She arrived in Vancouver from Tehran as a teenager—new language, new culture, same ambition. While others saw a crowded internet, Shahrzad saw a blank stage where creators could own their audience and their future.
✨ A Spark Becomes a Company
In 2005, while still in school, she founded BroadbandTV (BBTV) out of a tiny apartment. The bet was radical at the time: help video creators grow, monetize, and protect their content on platforms like YouTube.
“Give creators power, and they’ll build the future of media.”
BBTV built tools that matched rights, crushed piracy, and unlocked new revenue streams. Creators joined by the thousands; then by the millions. Before long, BBTV was one of the world’s largest creator ecosystems.
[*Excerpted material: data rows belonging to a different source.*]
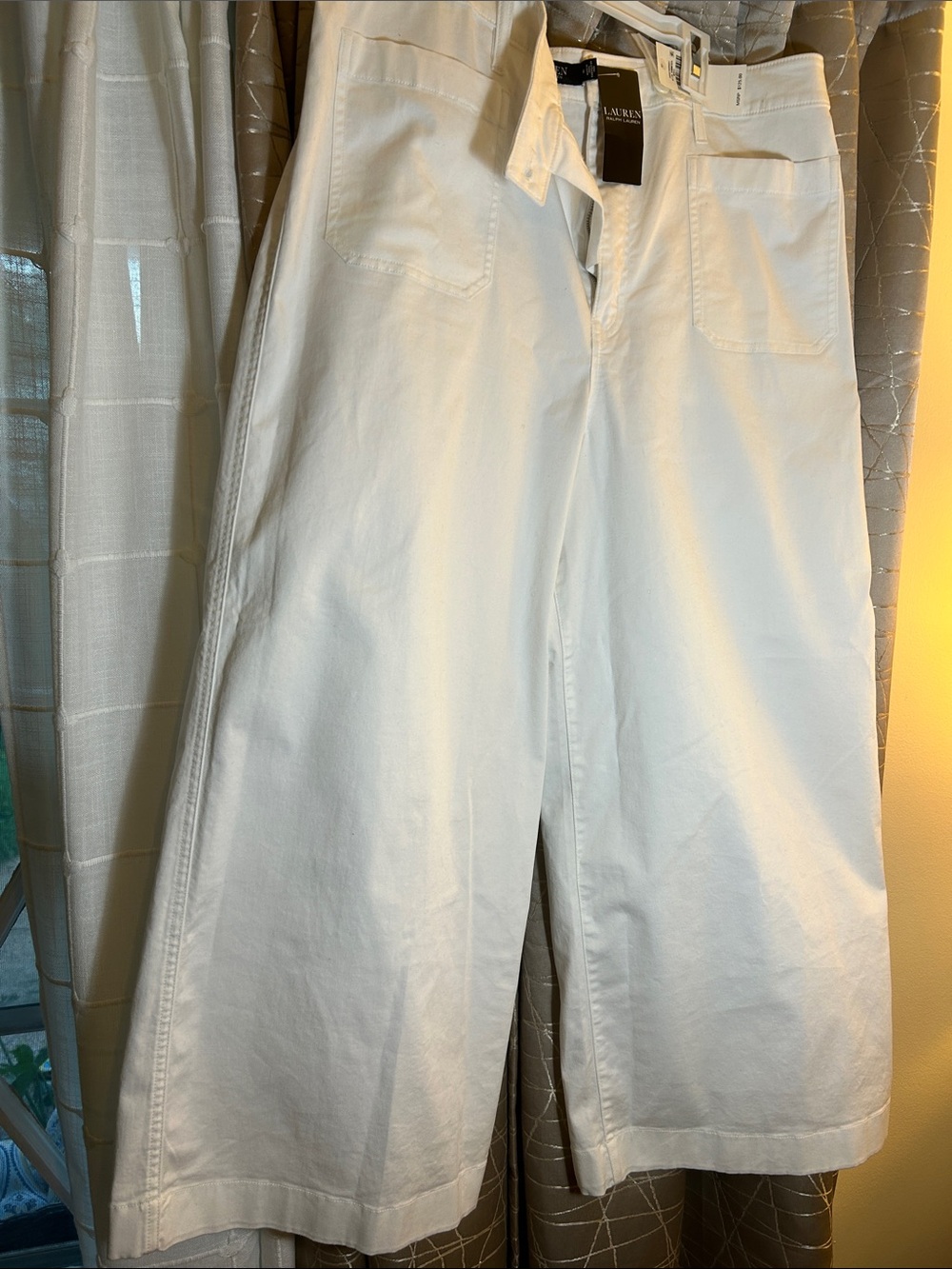 Lauren Ralph Lauren White Wide-Leg Cropped Trousers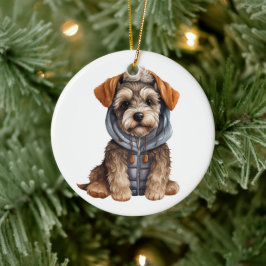 Gepersonaliseerde miniatuur Schnauzer Hondenkunst Keramisch Ornament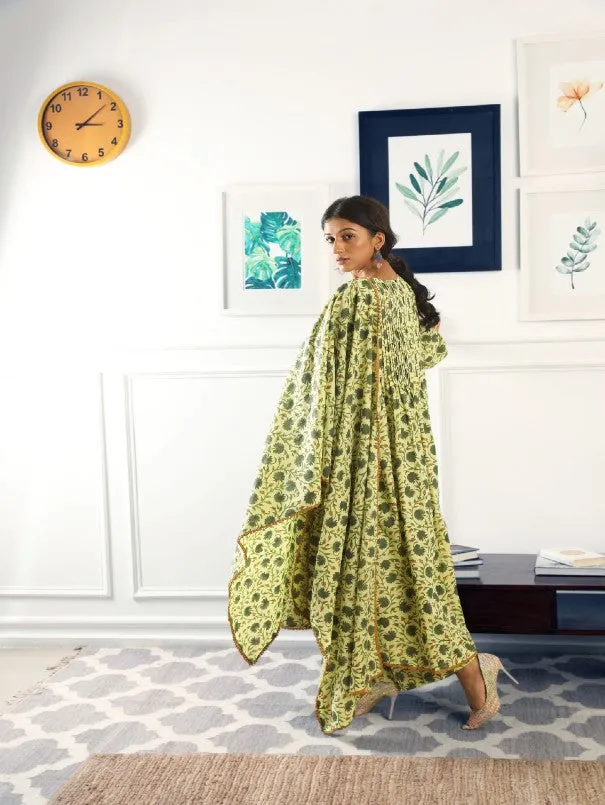 Abaya Green Hand Block Printed Cotton Kurta Set (Set of 3)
❤️ Building More Than a Brand
Shahrzad didn’t just scale views—she scaled opportunities. BBTV opened doors for underrepresented voices, indie studios, and emerging artists who had talent but no distribution. Employment grew in Vancouver’s tech scene, and Canada’s footprint in global digital media expanded with it.
🌍 Beyond Business
She became a champion for inclusive entrepreneurship, served on boards, advised on innovation policy, and invested in community initiatives. Recognition followed—business awards, international honors—but her north star stayed the same: creators first.
🎯 Why Her Story Inspires
- Start small, think platform. Tools beat one-off hits.
- Protect creators, grow value. Ethics can be a business model.
- Immigrant perspective = unfair advantage. Seeing gaps others miss.
From a student with a laptop to a new media mogul shaping how creators earn online, Shahrzad Rafati proves that Canadian immigrant stories can rewrite entire industries.